Container or Job Execution Script Creation
Creating an effective workflow is key to your success with any hardware resource. DGX-1’s unique container architecture means proper container management and even job execution scripts are a necessity. Microway experts will assist you in creating: your default DGX-1 containers, scripts to orchestrate the DGX-1 containers for multiple users in your organization, and methods of dynamically allocating GPUs as required to containers.
Deep Learning Data Preparation
An overwhelming majority of the time in a deep learning project is spent on the preparation of data. Microway’s data-science consultant partners will engage with you to: to create a custom scope of work, determine the best means to prepare your data for deep learning, create the pre-processing algorithms, assist in the pre-process of the training data, and optionally determine effective means of measurement for the overall DL project. Additional services also available.
|NVIDIA DGX-1 Support|
|NVIDIA Cloud Management||✔|
|NVIDIA DGX-1 Software Upgrades||✔|
|NVIDIA DGX-1 Driver Updates||✔|
|NVIDIA DGX-1 Firmware Updates||✔|
|Hardware Support||1 or 3 year subscription|
|Hardware SLA (replacement parts shipped)||1 business day|
|Online Access||NVIDIA Enterprise Support Portal|
What’s Included in NVIDIA DGX-1 Support
- Access to the latest software updates and upgrades
- Direct communication with NVIDIA technical experts
- NVIDIA cloud management: container repository, container management, job scheduling, and system performance monitoring and new software updates
- Searchable NVIDIA knowledge base with how-to articles, application notes and product documentation
- Rapid response and timely issue resolution through support portal and 24×7 phone access
- Lifecycle support for NVIDIA DGX-1 Deep Learning software
- Hardware support, firmware upgrades, diagnostics and remote and onsite resolution of hardware issues
- Next day shipment for replacement parts
System Price: $111,601 (academic pricing, includes 1 year support) to $159,430 (commercial, includes 1 year support)
Final pricing depends upon configuration and any applicable discounts, including education or NVIDIA Inception. Request a custom quotation to receive your applicable discounts.
NVIDIA requires all DGX purchases to include a support services contract. Ensure all quotes you receive include this mandatory DGX support.

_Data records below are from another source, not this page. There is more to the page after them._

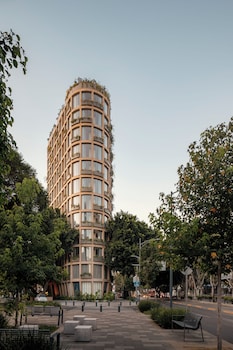 onto tonala mexico city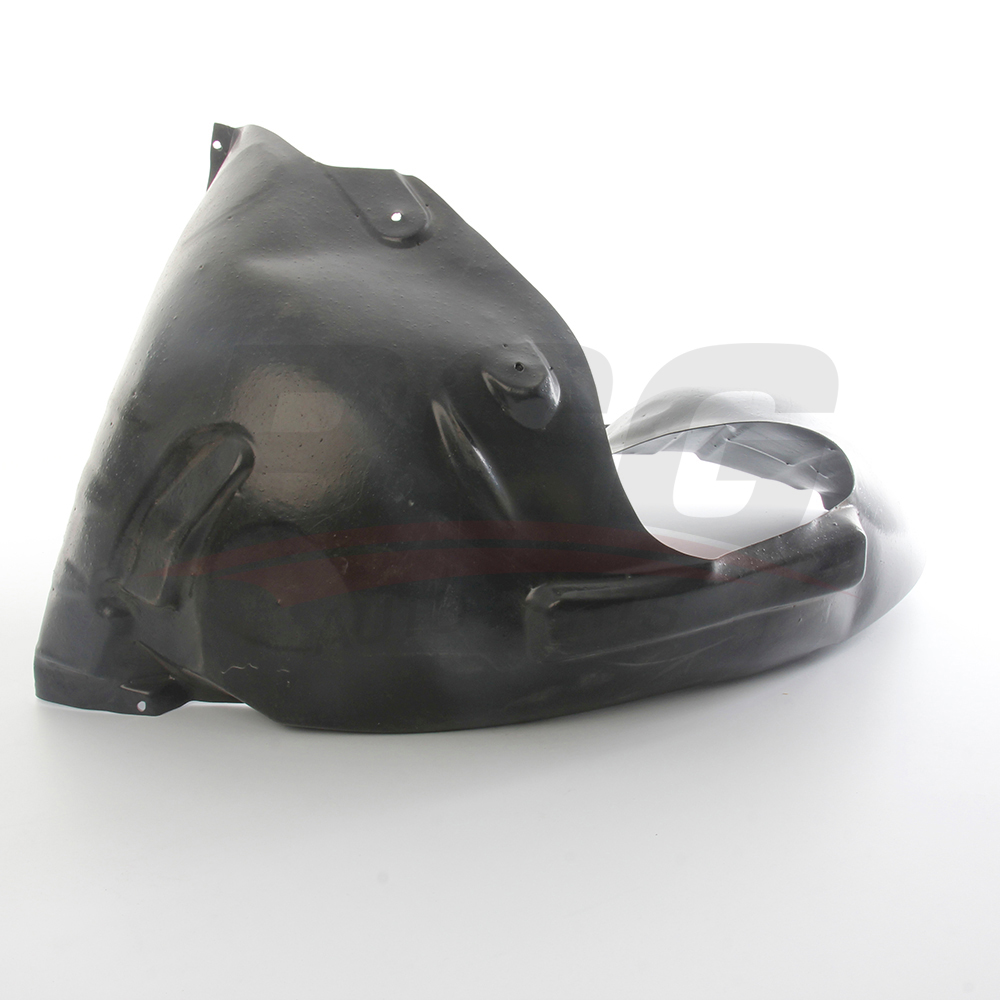 Modderkuip BSG BSG 11-923-001 Modderkuip BSG BSG 11-923-001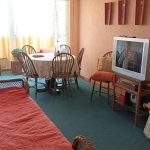 Semanal ambientes centro mt del mar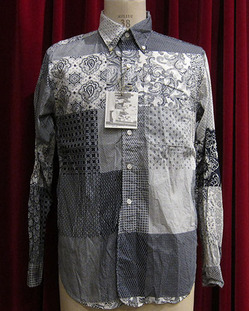eg2015ss_083_Nvy_01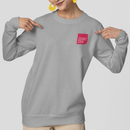 University of South Wales - Graduation Names-list - Organic Sweatshirt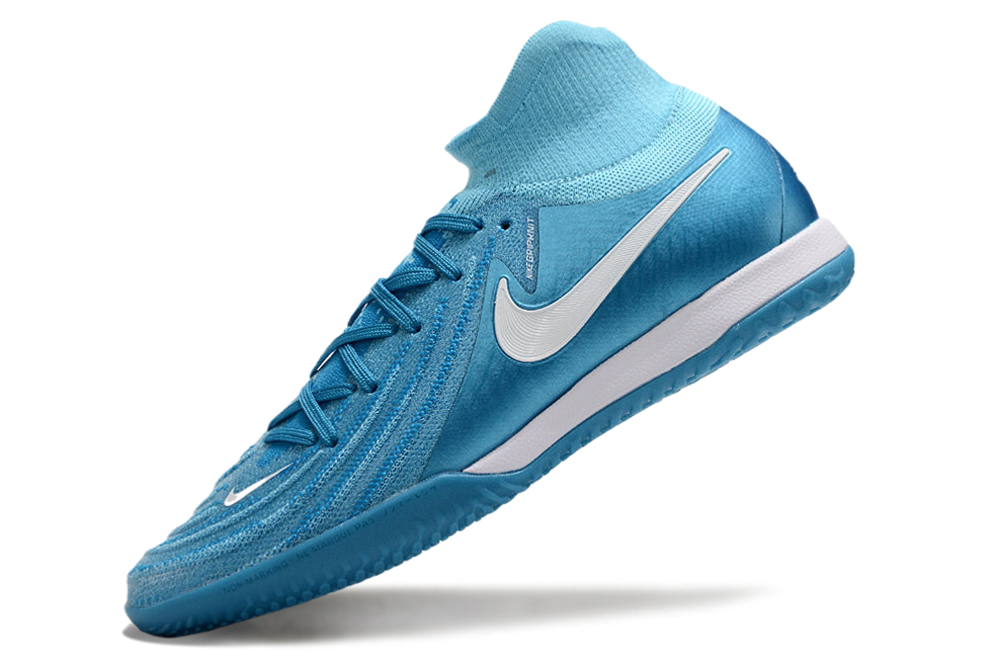Phantom Luna Futsal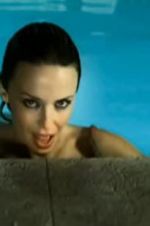 Watch Kylie Minogue: On a Night Like This Gomovies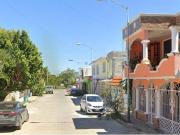 HERMOSA CASA EN NARDOS, BLANCAS MARIPOSAS VILLA HERMOSA...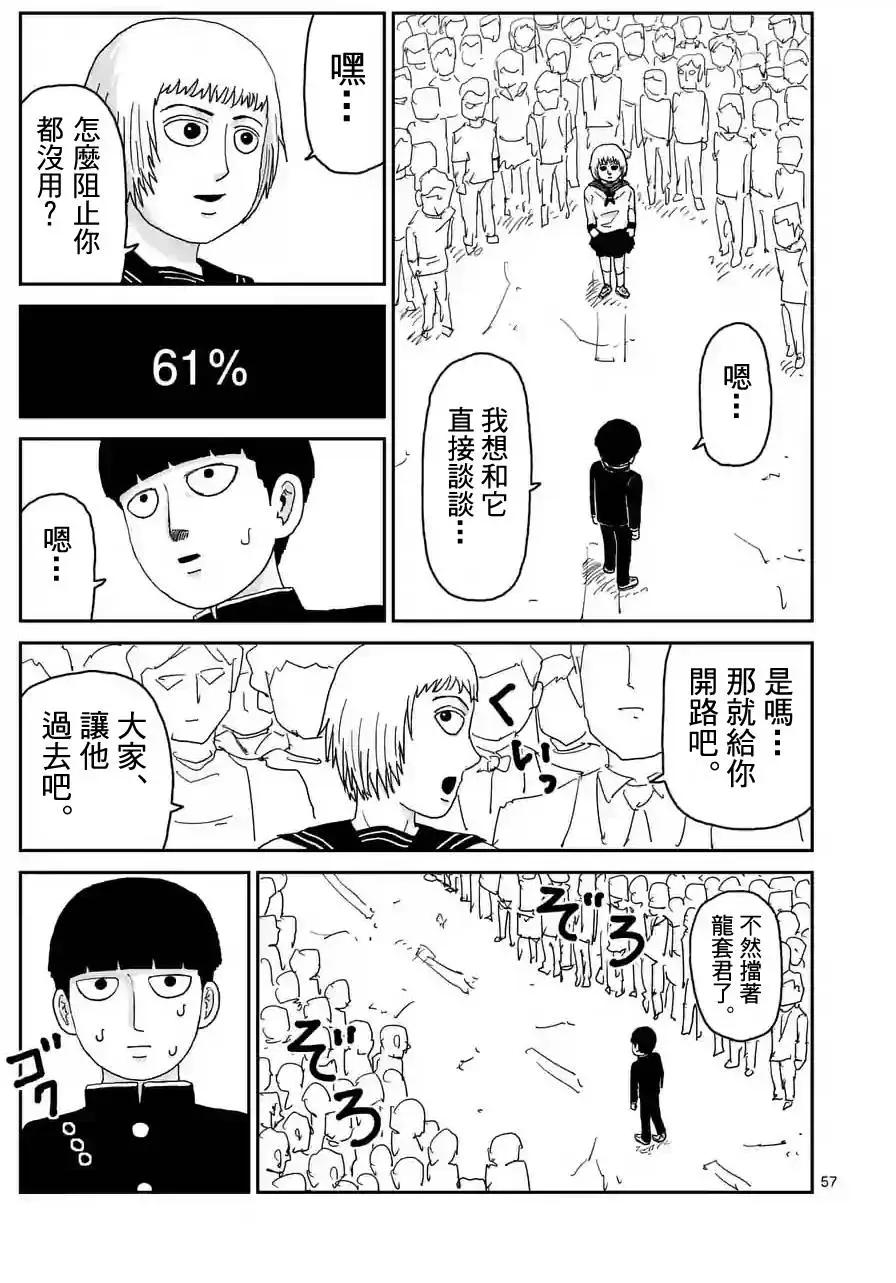 第96回(7)5
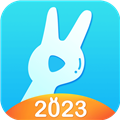 小薇直播2023最新版 V2.8.0.1 安卓版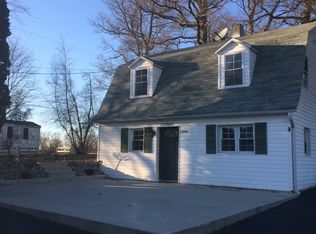 1509 Ryan Rd, Fallston, MD 21047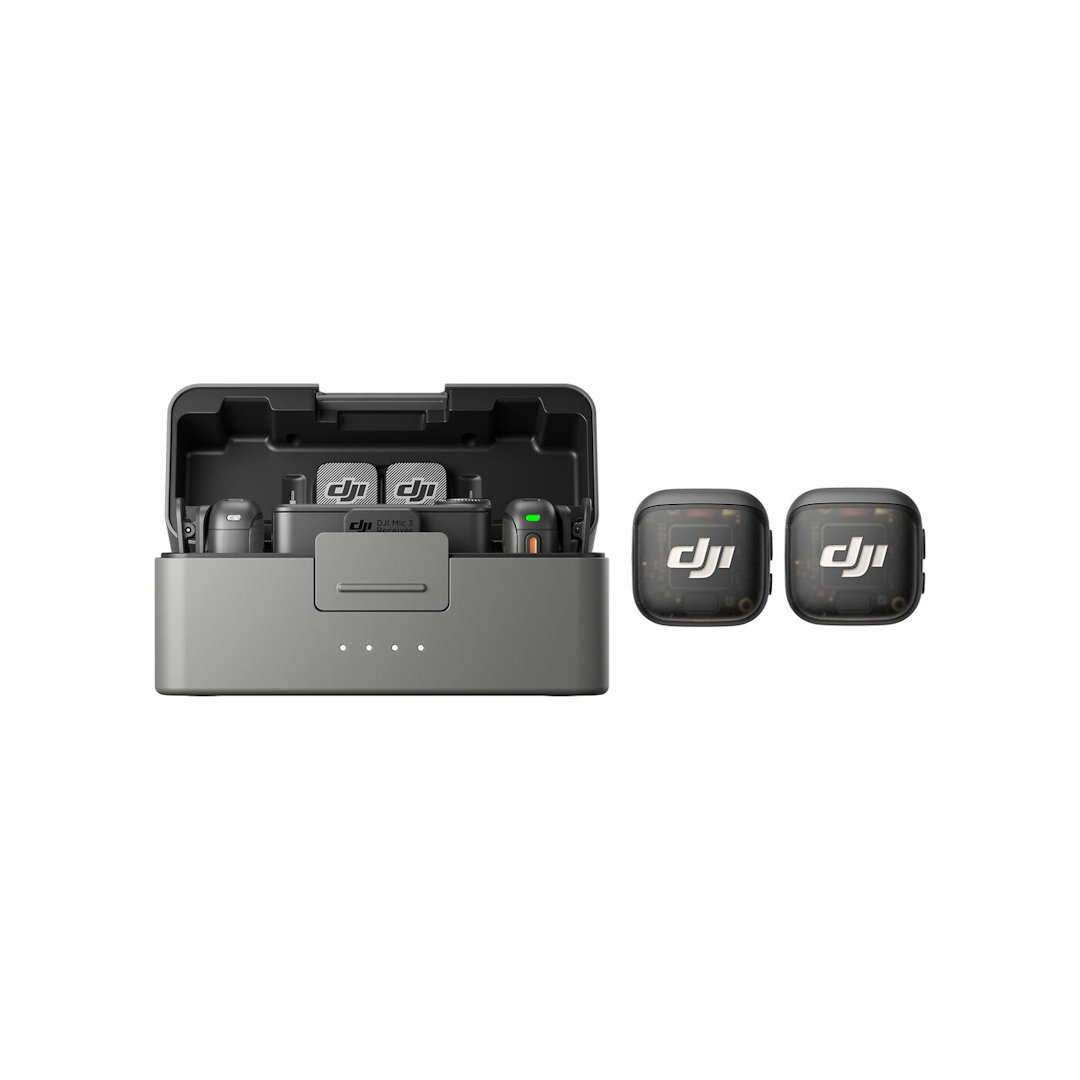 DJI_MIC_3_4.jpg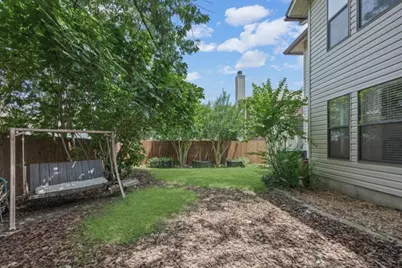 1187 Forest Bluff Trail, Round Rock, TX 78665 - Photo 36
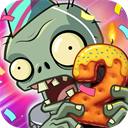 植物大战僵尸2天空之城高清版下载 v3.0.0 安卓版 植物大战僵尸2天空之城高清版下载 v3.0.0 安卓版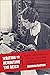 Writing and Rewriting the Reich by Deborah Barton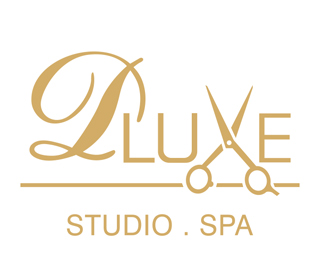 D'LUXE Studio Spa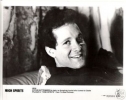 steve guttenberg image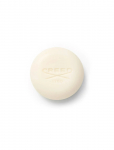 Creed - Aventus Soap - Vann ja du&scaron;&scaron; - 150 G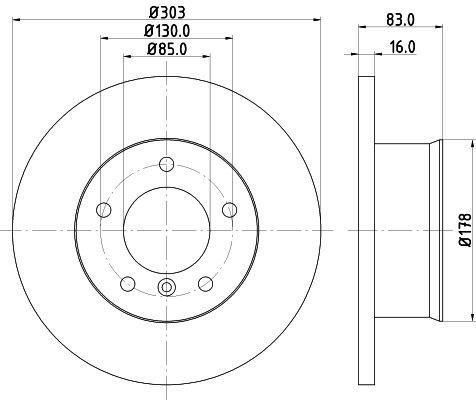 MDC671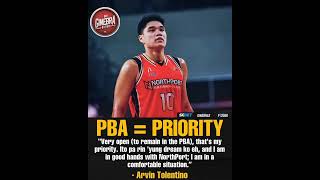 PBA NEWS AND UPDATES #pba #pbaseason49 #basketball #pbahighlights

Call a Microway Sales Engineer for Assistance : 508.746.7341 or
Click Here to Request a Quotation.
HPC workloads on NVIDIA DGX-1
The DGX-1 system can also be leveraged by users in other fields – many HPC workloads are well-suited to this platform. The eight built-in NVIDIA Tesla GPUs offer significant increases in floating-point throughput and memory bandwidth, both of which are critical for performance-demanding HPC workloads.
Connectivity between system components has also been improved, which is of vital importance for HPC workloads. The Volta architecture’s support for completely unified memory allows all GPUs to directly access each other’s memory, as well as directly access the memory on the host CPUs. To support such capabilities, the DGX-1 provides robust links between all system components, as shown in the block diagram below. The eight GPUs are connected in a hybrid cube mesh.